Jesús, Dios hecho hombre, confirmó su deidad con su resurrección.
El hombre por el cual nosotros conmemoramos la Semana Santa, que es más aprovechada para vacacionar que para recordarle y adorarle, hubiese sido un líder o un profeta más si no fuera por la victoria que logró sobre la muerte, al volver a la vida al tercer día de haber sido crucificado por autoproclamarse hijo de Dios.
Sin la resurrección la fe cristiana no tendría sentido, puesto que esto pasó a ser una confirmación más de que Jesús es el mismo mesías que había predicho el profeta Isaías alrededor de 750 años antes de su nacimiento.

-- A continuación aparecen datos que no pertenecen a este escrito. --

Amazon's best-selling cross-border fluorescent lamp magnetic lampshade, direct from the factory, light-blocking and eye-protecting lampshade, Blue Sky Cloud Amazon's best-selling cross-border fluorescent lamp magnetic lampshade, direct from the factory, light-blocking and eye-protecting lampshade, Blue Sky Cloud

“Pero el Señor quiso quebrantarlo y hacerlo sufrir, y, como él ofreció su vida en expiación, verá su descendencia y prolongará sus días, y llevará a cabo la voluntad del Señor. Después de su sufrimiento, verá la luz y quedará satisfecho…”, Isaías 58:10-11.
Como estas, en el Antiguo Testamento (que se completó 450 a. C.) hay cerca de 300 profecías sobre el mesías que se cumplieron en Jesús, dejando una evidencia irrefutable de su deidad.
Éstas aparecen en la Septuaginta, la traducción griega de las escrituras Hebreas, que se completó en el reinado de Tolomeo Filadelfo 250 a. C, lo cual basta para indicar que el Jesús que recordamos hoy es el hijo de Dios.
Lo contrario sería pensar que las profecías cumplidas en él fueron coincidencia, pero hasta ahora no hay nadie vivo ni muerto en el que se hayan cumplido ni la mitad de estas.